Description of the task.
Give a verbatim copy of the data, leaving the pictures out.

--- Dataset content ---

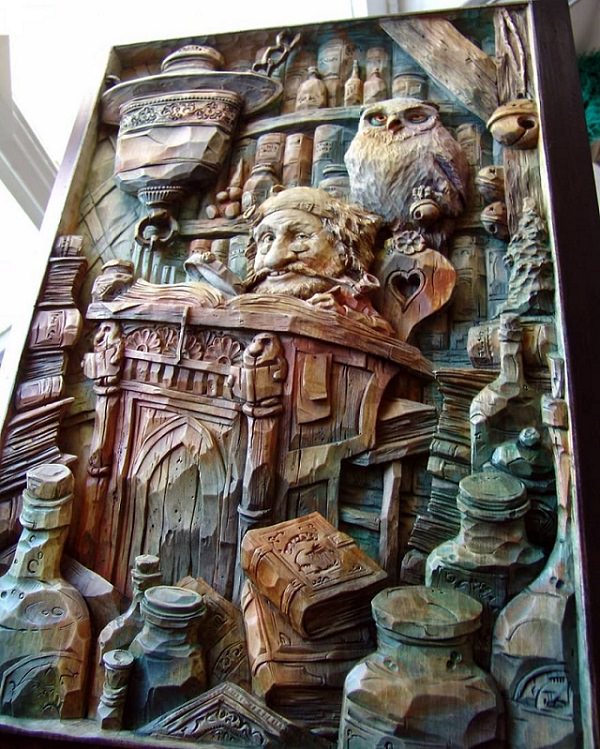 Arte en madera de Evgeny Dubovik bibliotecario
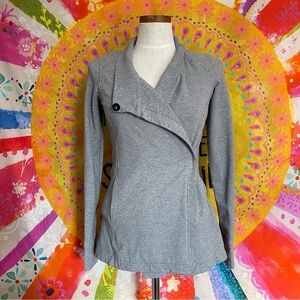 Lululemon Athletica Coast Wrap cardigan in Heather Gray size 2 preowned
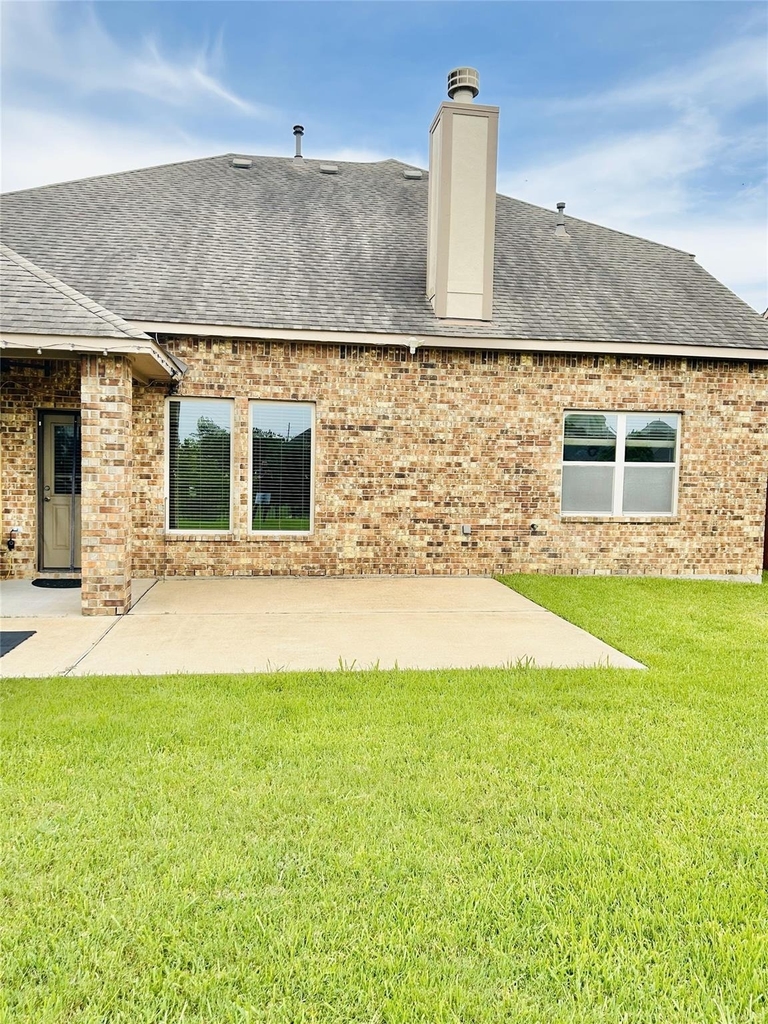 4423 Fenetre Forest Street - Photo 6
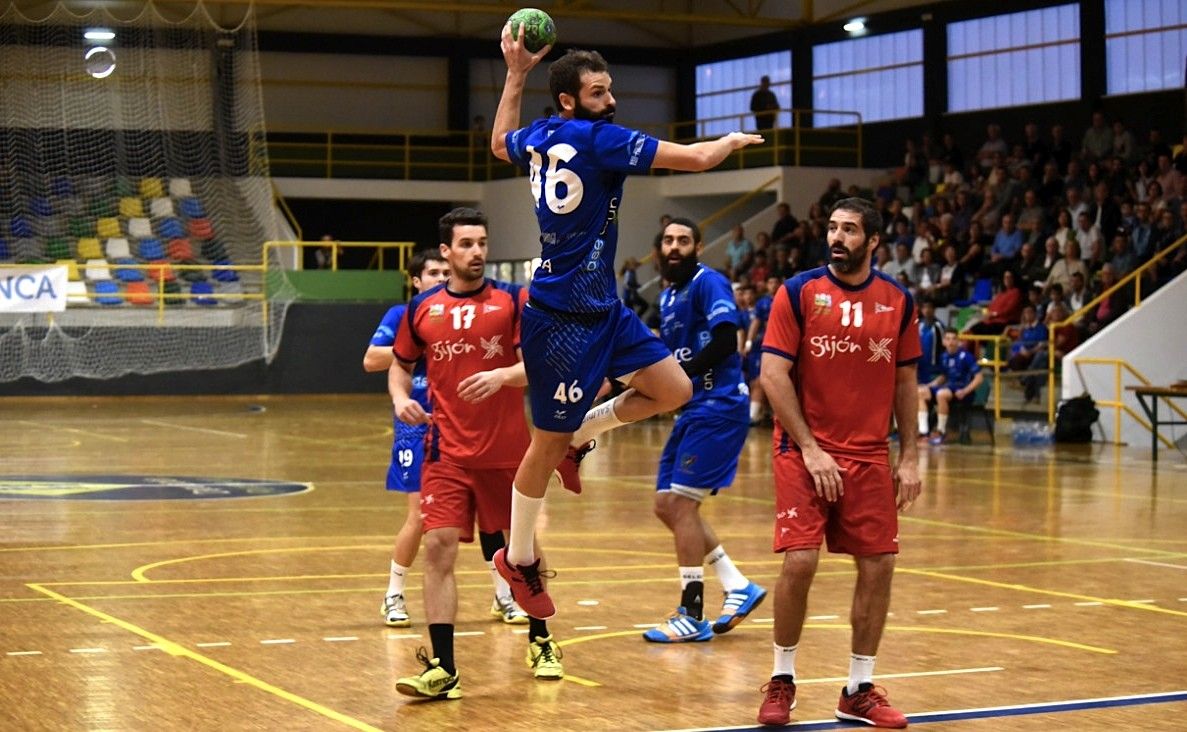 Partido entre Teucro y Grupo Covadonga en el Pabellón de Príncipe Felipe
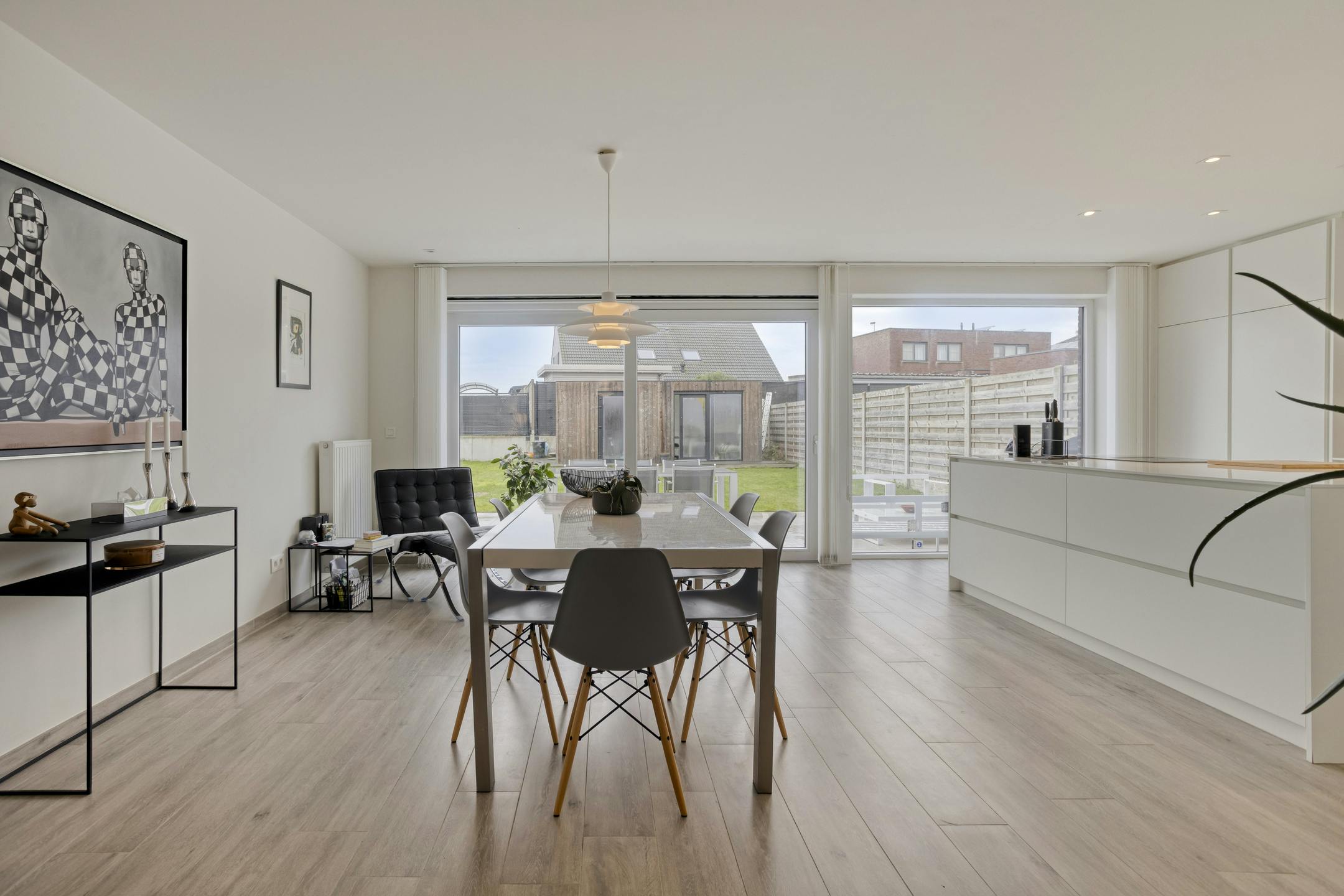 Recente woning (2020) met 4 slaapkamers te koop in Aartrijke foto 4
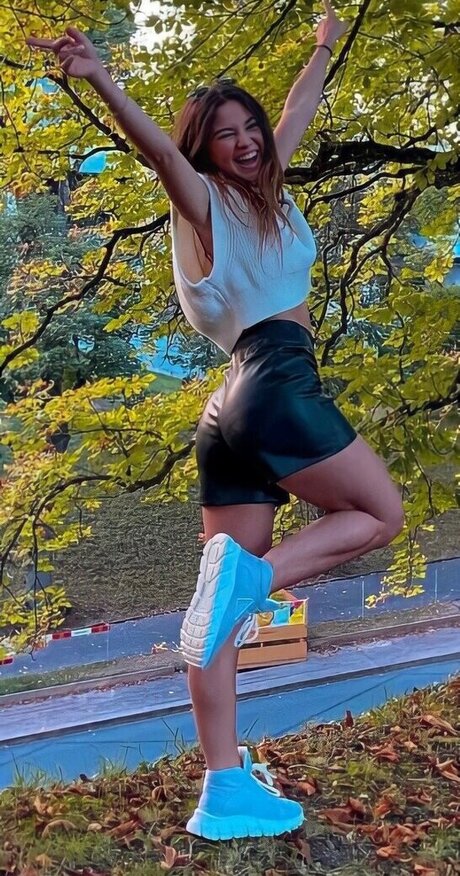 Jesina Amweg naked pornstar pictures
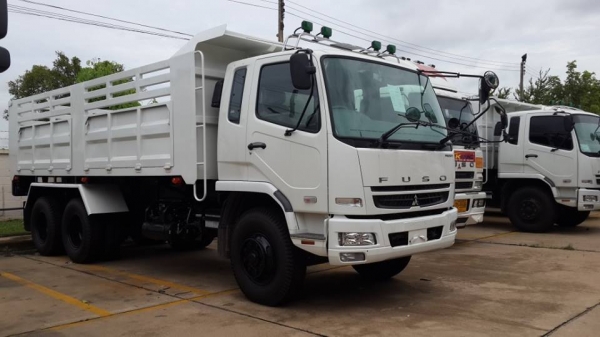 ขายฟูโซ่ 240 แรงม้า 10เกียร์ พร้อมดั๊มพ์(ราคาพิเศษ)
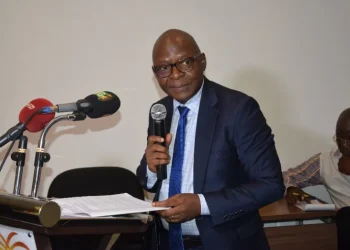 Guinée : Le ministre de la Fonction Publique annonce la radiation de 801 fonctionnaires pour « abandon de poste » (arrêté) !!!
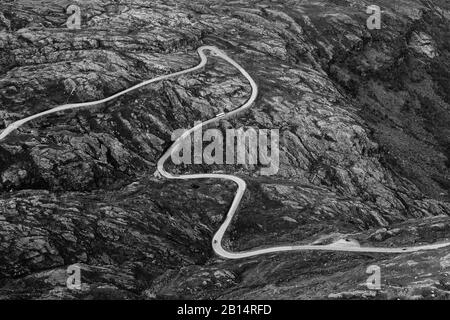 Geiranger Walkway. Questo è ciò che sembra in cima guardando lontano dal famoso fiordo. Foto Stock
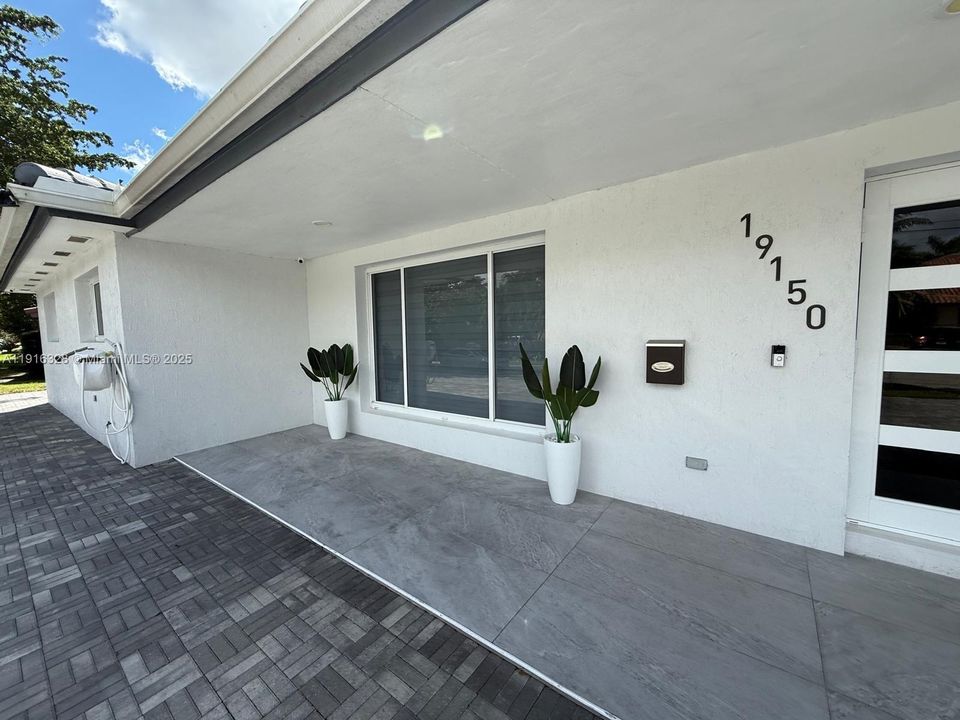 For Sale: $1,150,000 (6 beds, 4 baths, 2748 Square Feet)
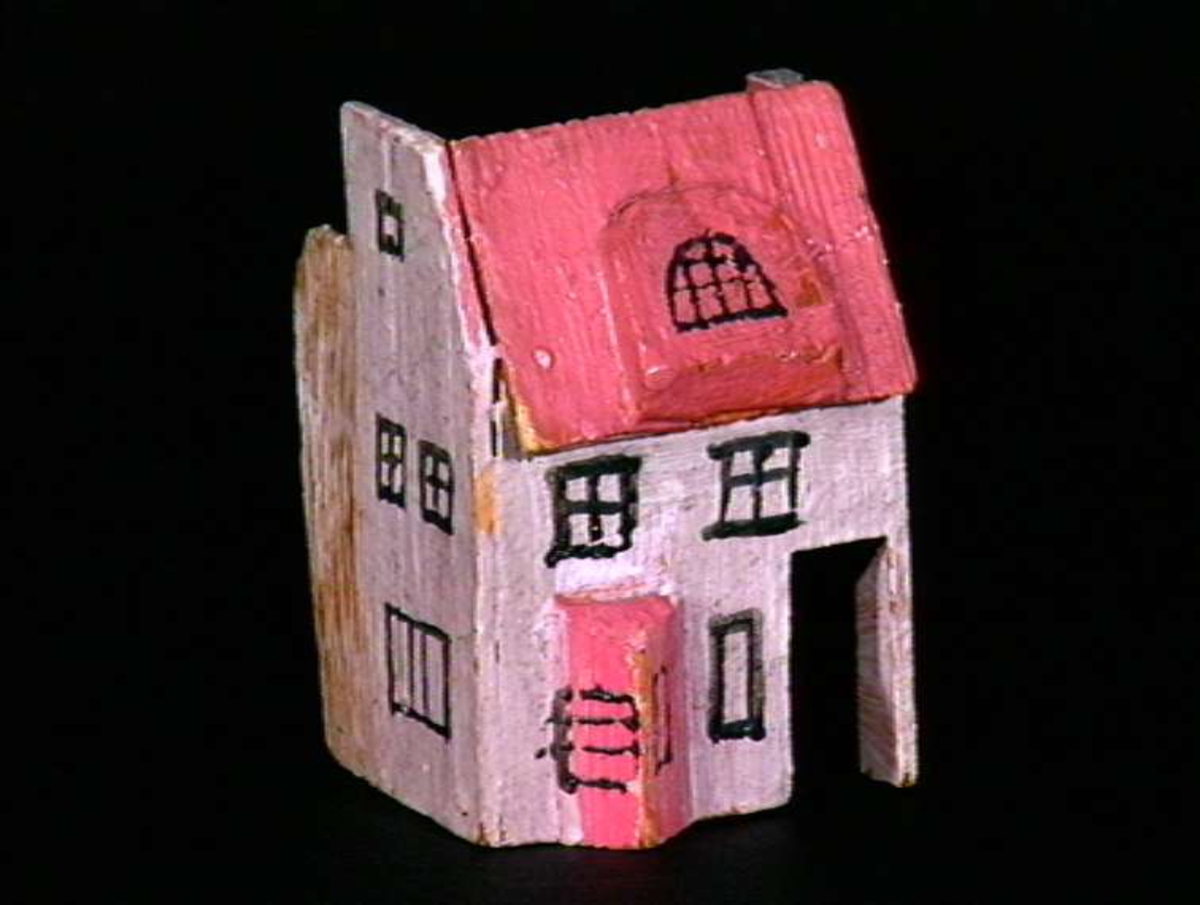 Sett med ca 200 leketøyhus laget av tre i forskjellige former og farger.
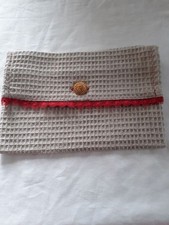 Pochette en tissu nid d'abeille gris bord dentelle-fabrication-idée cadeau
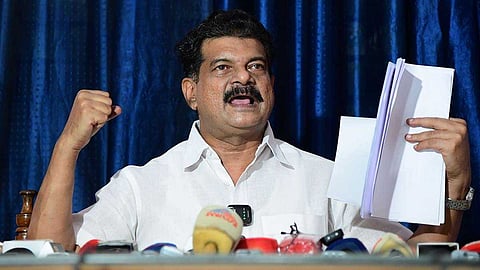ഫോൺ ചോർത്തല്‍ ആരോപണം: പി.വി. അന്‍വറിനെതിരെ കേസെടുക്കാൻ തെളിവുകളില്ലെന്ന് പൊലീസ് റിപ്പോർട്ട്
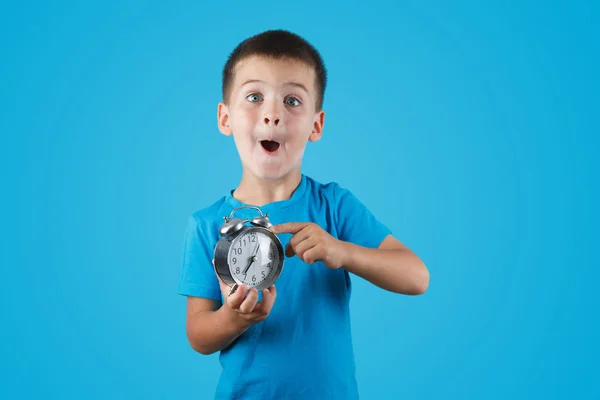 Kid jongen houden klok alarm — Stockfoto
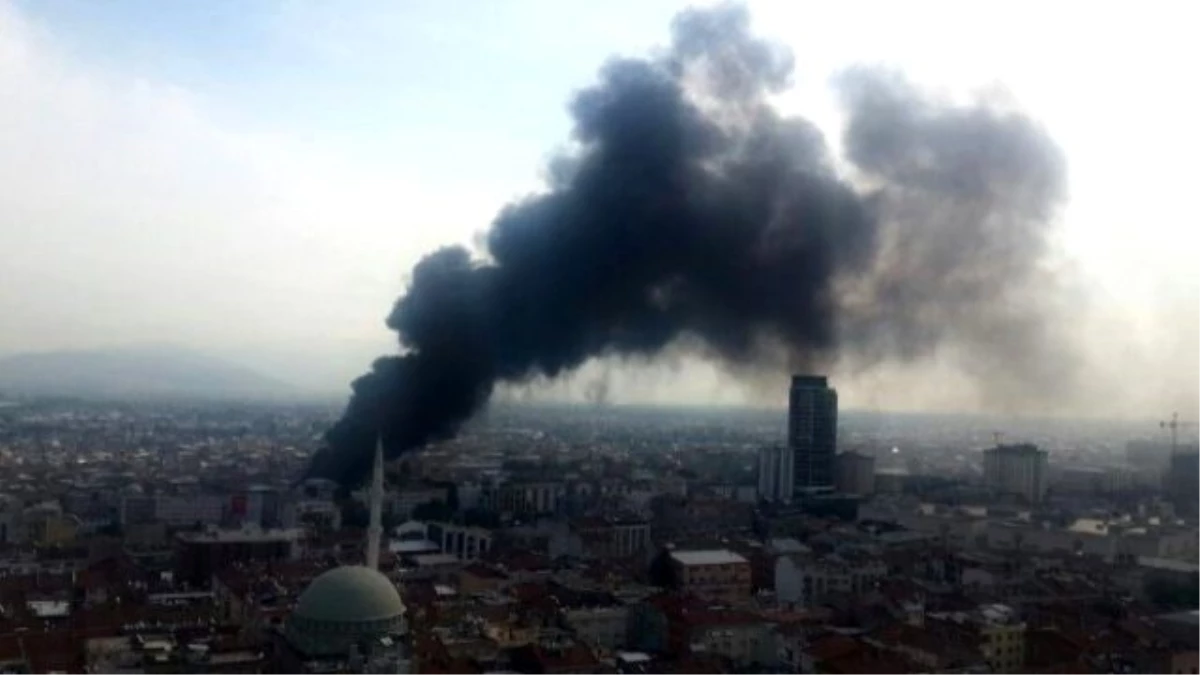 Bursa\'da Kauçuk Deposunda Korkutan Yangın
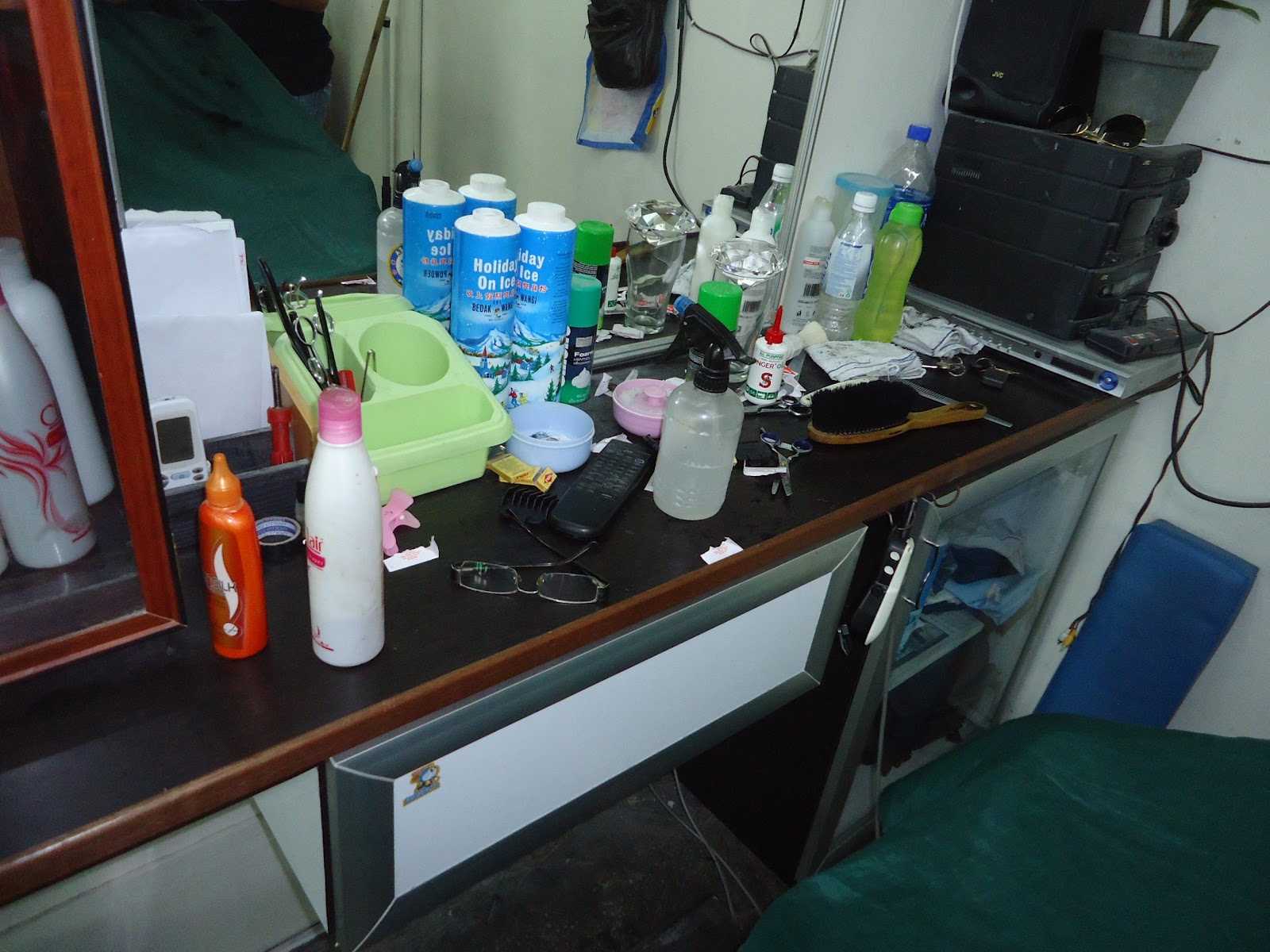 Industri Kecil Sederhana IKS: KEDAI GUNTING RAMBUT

---

Final answer.
 Arte en madera de Evgeny Dubovik bibliotecario
 Lululemon Athletica Coast Wrap cardigan in Heather Gray size 2 preowned
 4423 Fenetre Forest Street - Photo 6
 Partido entre Teucro y Grupo Covadonga en el Pabellón de Príncipe Felipe
 Recente woning (2020) met 4 slaapkamers te koop in Aartrijke foto 4
 Jesina Amweg naked pornstar pictures
 ขายฟูโซ่ 240 แรงม้า 10เกียร์ พร้อมดั๊มพ์(ราคาพิเศษ)
 Guinée : Le ministre de la Fonction Publique annonce la radiation de 801 fonctionnaires pour « abandon de poste » (arrêté) !!!
 Geiranger Walkway. Questo è ciò che sembra in cima guardando lontano dal famoso fiordo. Foto Stock
 For Sale: $1,150,000 (6 beds, 4 baths, 2748 Square Feet)
 Sett med ca 200 leketøyhus laget av tre i forskjellige former og farger.
 Pochette en tissu nid d'abeille gris bord dentelle-fabrication-idée cadeau
ഫോൺ ചോർത്തല്‍ ആരോപണം: പി.വി. അന്‍വറിനെതിരെ കേസെടുക്കാൻ തെളിവുകളില്ലെന്ന് പൊലീസ് റിപ്പോർട്ട്
 Kid jongen houden klok alarm — Stockfoto
 Bursa\'da Kauçuk Deposunda Korkutan Yangın
 Industri Kecil Sederhana IKS: KEDAI GUNTING RAMBUT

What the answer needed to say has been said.